SASB Calls on Companies to Enhance their Investor Disclosures

The Investor Advisory Group (IAG) of the Sustainability Accounting Standards Board (SASB), which represents 55 members and USD 41 trillion in assets under management, has updated its call for companies to enhance their sustainability disclosures to investors.

Investors and companies have been looking for standards which will help them to measure the sustainability of their activities. The SASB standards have been tailored specifically to assist companies with the ways they communicate with investors but have been considerably strengthened from their earlier 2016 iteration.

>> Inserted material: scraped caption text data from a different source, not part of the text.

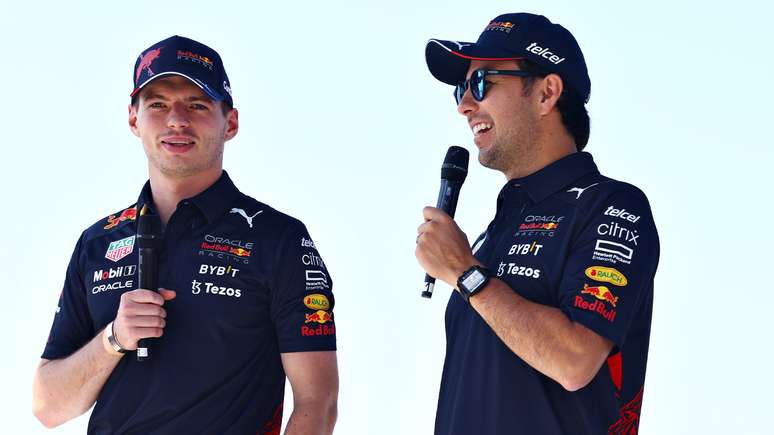 Max Verstappen e Sergio Perez est&atilde;o confirmados na Red Bull at&eacute; 2024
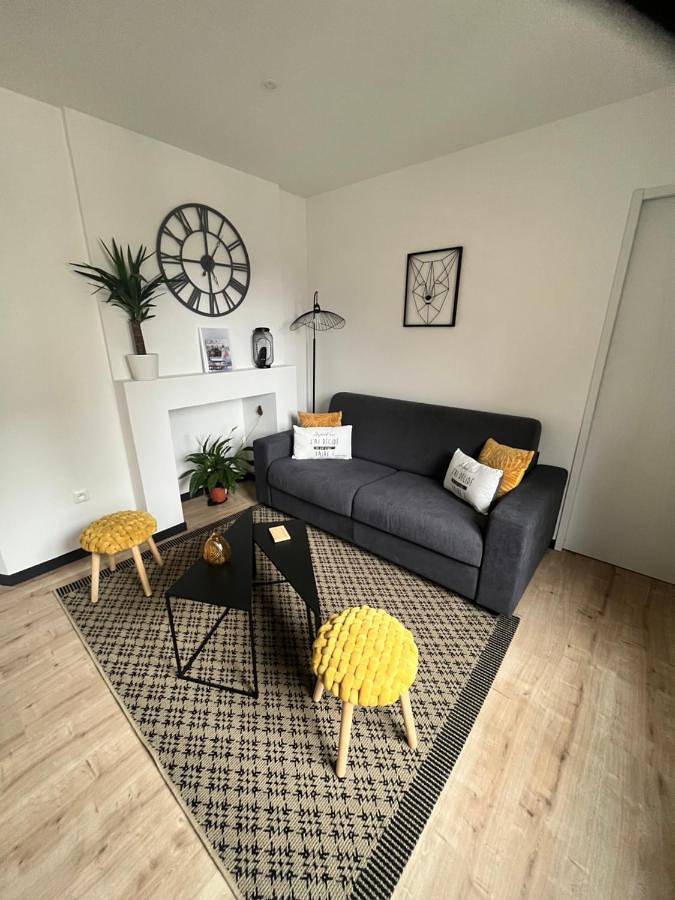 Appartement entier, Coin de paradis avec spa illimité en plein centre Avranches in Avranches, Baie du Mont-Saint-Michel
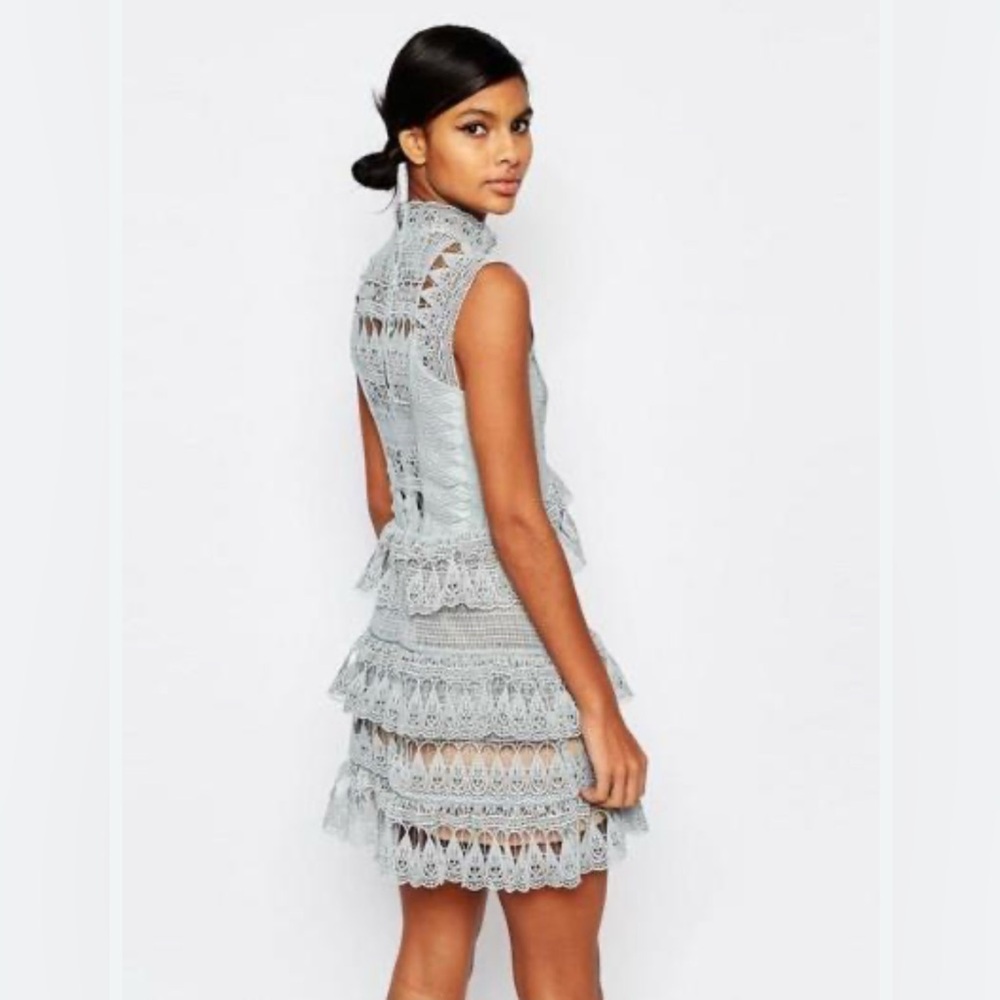 SELF-PORTRAIT Teardrop Guipure Panelled Mini Dress - Size 6 - Picture 6 of 11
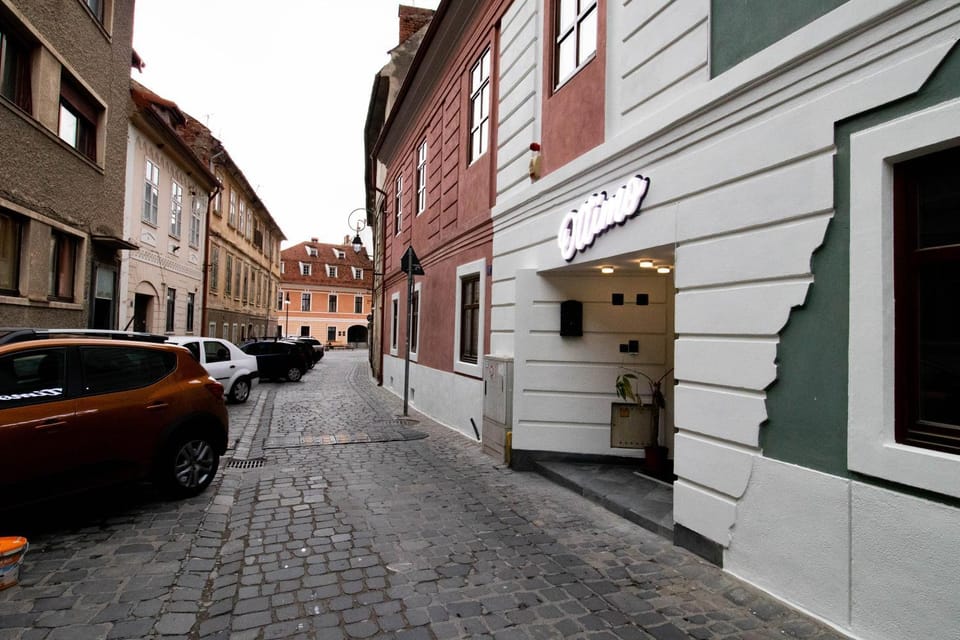 Property building, Day, Neighbourhood, City view, Street view, Location
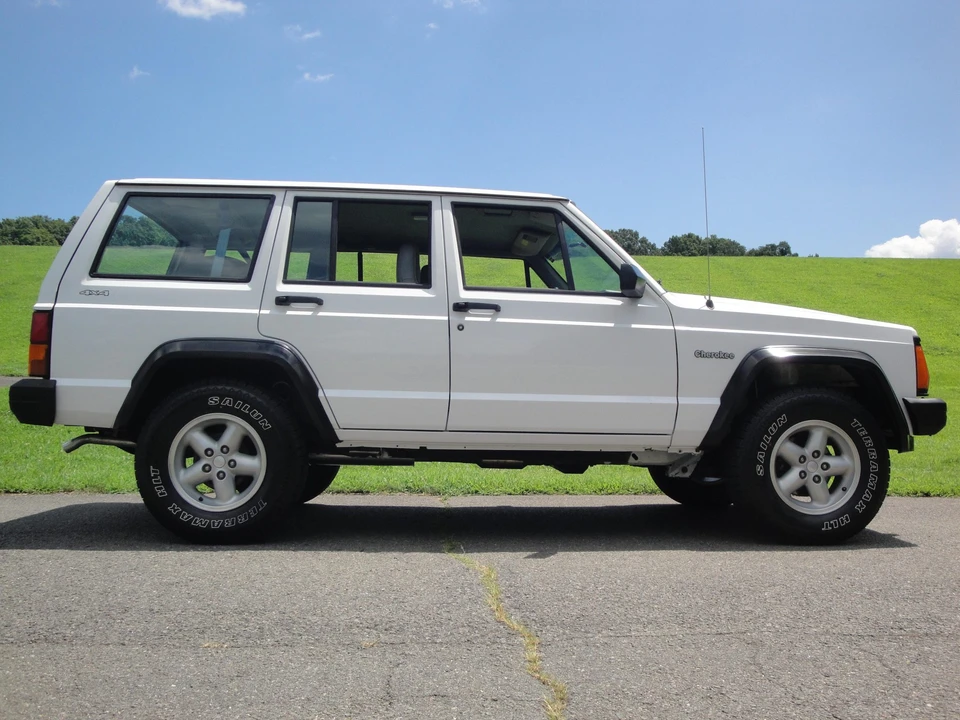 1995 Jeep XJ Cherokee - Image 9 of 31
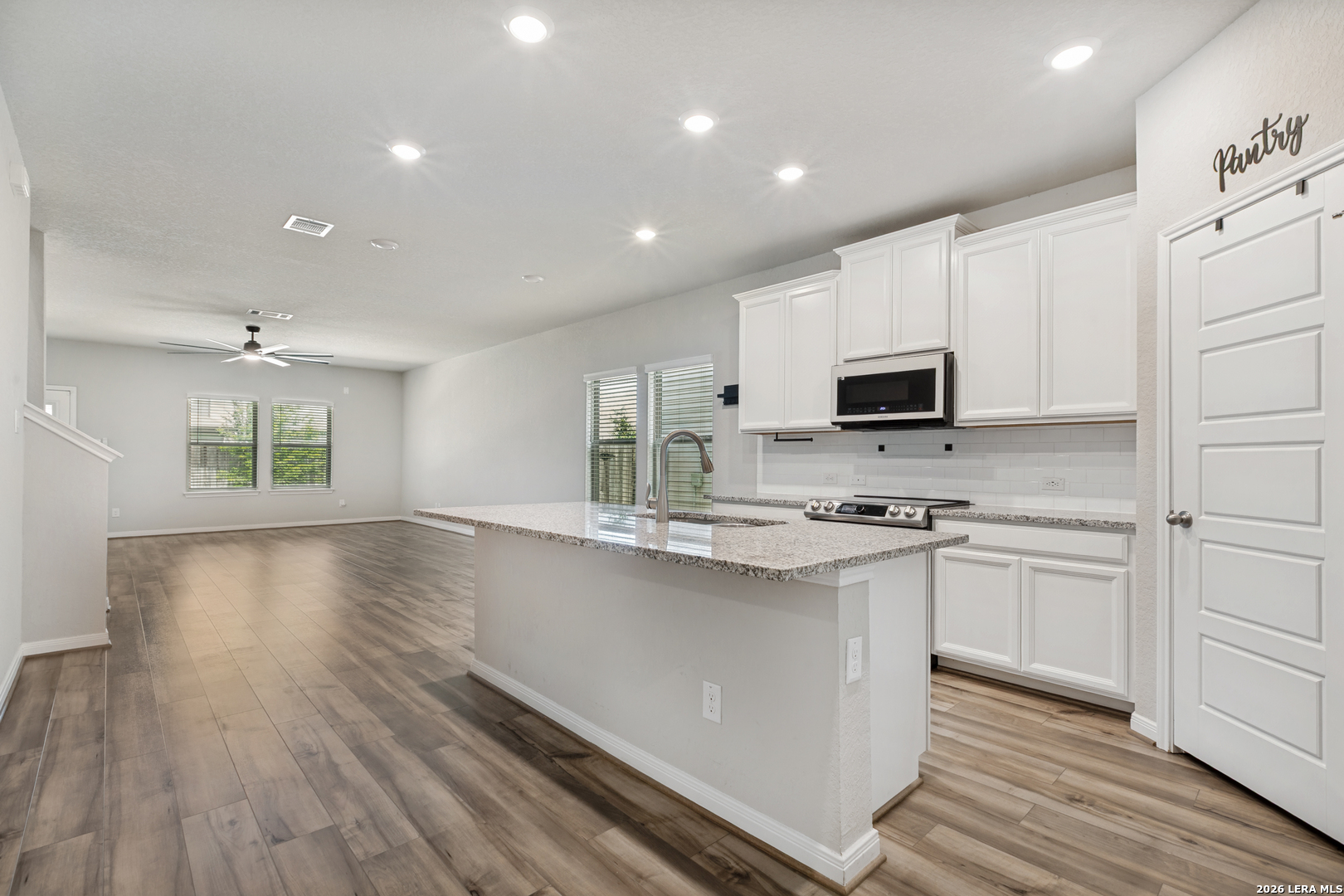 9511 Bonito Falls Drive Converse TX 78109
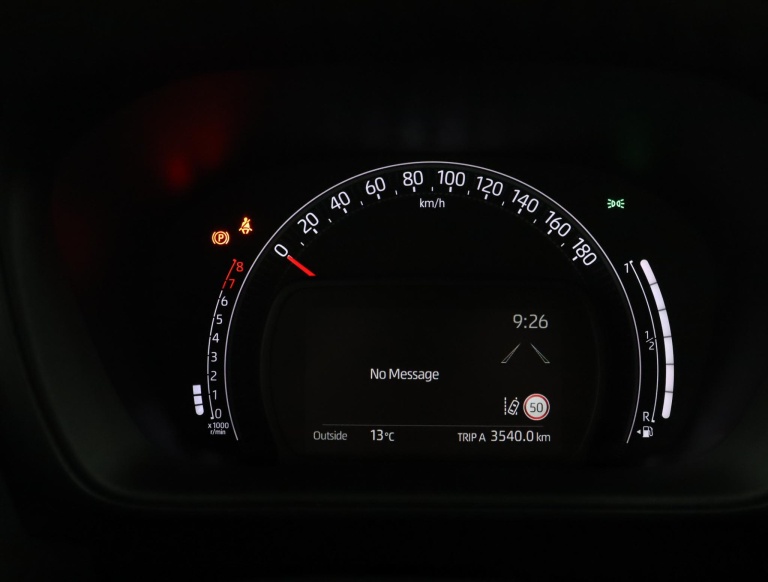 Toyota Aygo X - 1.0 VVT-i MT Play 6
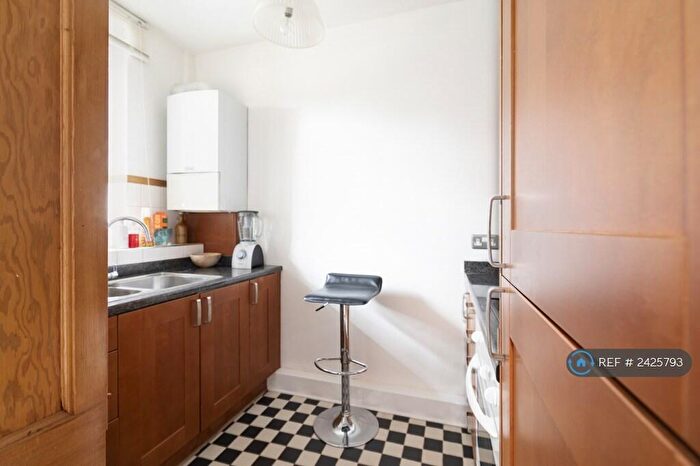 1 Bedroom Flat To Rent In Ditton House, London, E5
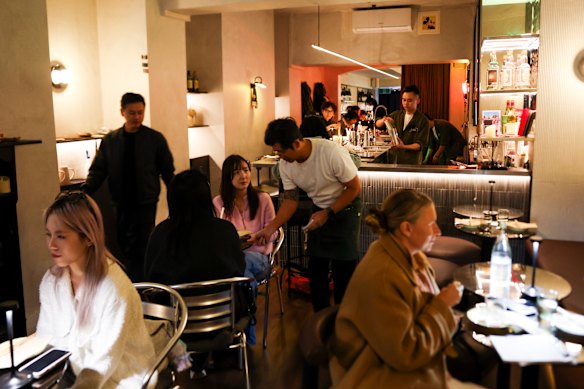 'Modern social dining bar' Linla.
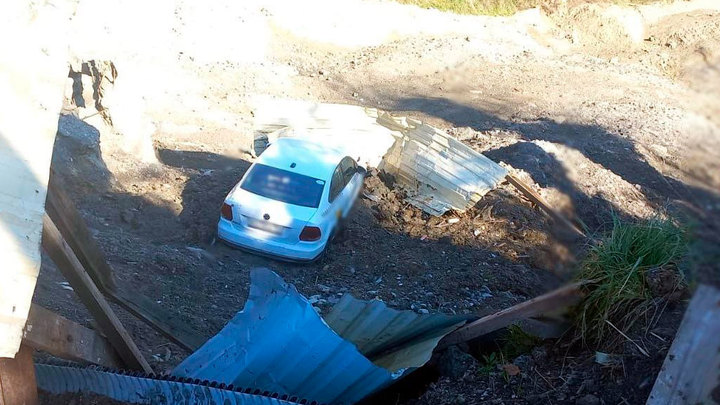 В Сочи такси с пассажирами улетело в овраг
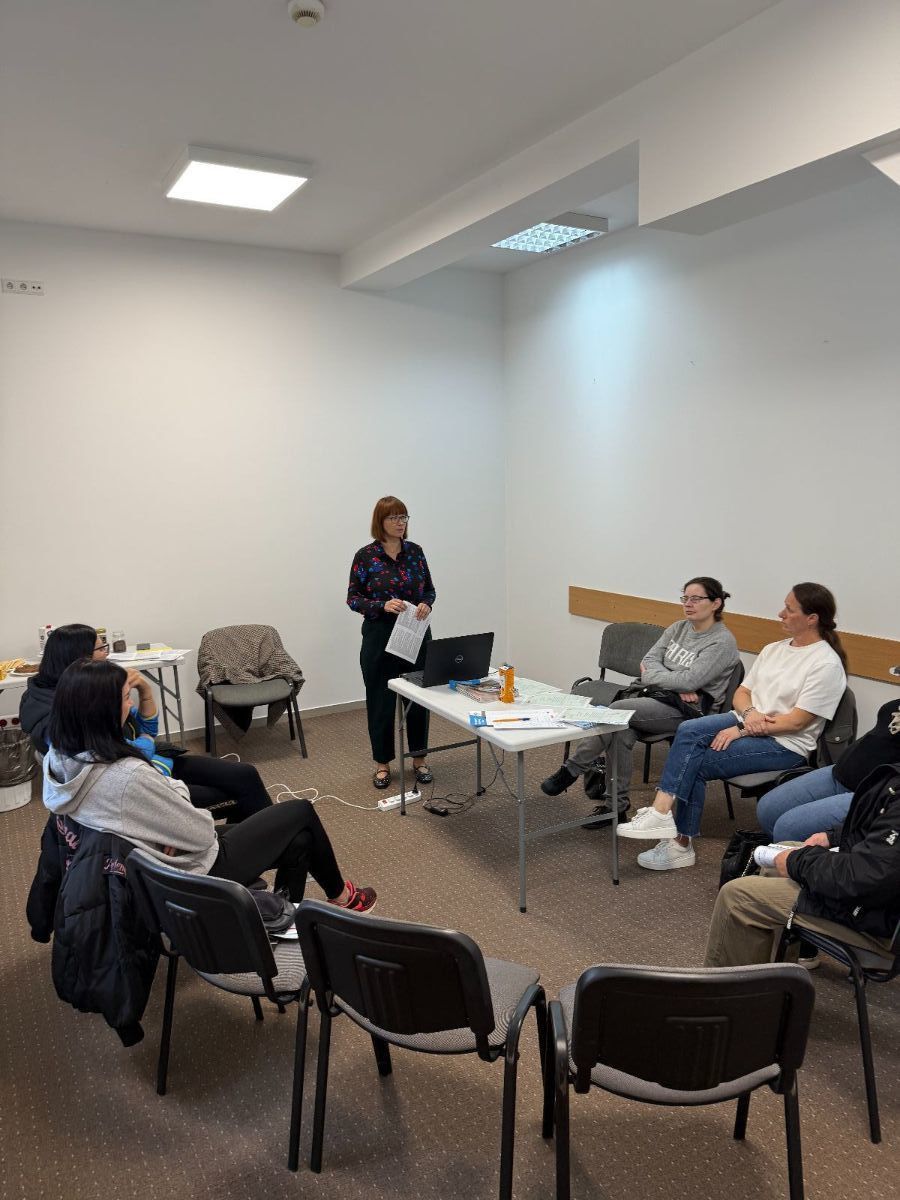 Zdjęcie: Warsztat z pośrednictwa i poszukiwania pracy w ramach projektu  „NOWE PERSPEKTYWY Z KLUBEM INTEGRACJI SPOŁECZNEJ W DĘBICY”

The standards are industry-specific, metric-driven and focused on financial materiality. They are designed to improve the comparability of ESG-related data and enable the integration of ESG considerations into investment and stewardship decisions across global portfolios and asset classes.

They are designed to improve understanding of company performance on ESG issues which are most relevant to long term value creation or destruction. Disclosure via SASB Standards yields improved quality and comparability of ESG data, not only via quantitative performance-focused metrics, but also qualitative measures that provide insights into the context around performance.

These are important tools for investors, helping to improve price discovery and valuations across asset classes and global capital markets. They are designed to enable integration of ESG considerations into investment and stewardship decisions across global portfolios. In the words of the SASB, “other reporting standards and frameworks may complement SASB Standards but are not replacements for them.”

Ole Buhl, Vice President and Head of ESG at ATP, and a member of the SASB Investor Advisory Group, said: “Within the broader landscape of sustainability disclosure, SASB Standards are specifically designed to meet investor needs. That’s why the IAG is asking companies to use the SASB Standards as a core part of their disclosure.”

SASB’s IAG was set up in 2016 to demonstrate investor demand for improved quality and comparability of ESG data and provide investor feedback and guidance for the organisation. It has more than doubled in the last four years and includes some major institutions, like AXA Investment Managers, BlackRock, CalPERS, CalSTRS, Federated Hermes, Fidelity Investments, Franklin Templeton, Goldman Sachs, Legal & General and Nordea Asset Management, among many others.

SASB is active in a global effort to integrate ESG reporting standards and frameworks into a comprehensive global system for sustainability reporting. Recently it issued a joint statement with a number of other organisations outlining their shared vision (e.g., Carbon Disclosure Project, CDSP and Global Reporting Initiative). It is gaining support as a helpful tool for investor-focused disclosure. For example, the UK’s Financial Reporting Council has encouraged UK public interest entities to voluntarily report using the Task Force on Climate-related Financial Disclosure (TCFD) recommendations and the SASB standards to meet the needs of investors.

To this end the SASB announced last month it would be merging with the International Integrated Reporting Council (IIRC) to form the Value Reporting Foundation. This will continue to provide investors and corporates with a comprehensive corporate reporting framework across the full enterprise value drivers and standards, helping to drive global sustainability performance.

“This merger is a significant advancement towards building a comprehensive system of corporate reporting, as we work to ensure integrated reporting and sustainability disclosure have the same level of rigour as financial accounting and disclosure,” explained Charles Tilley, CEO of the IIRC.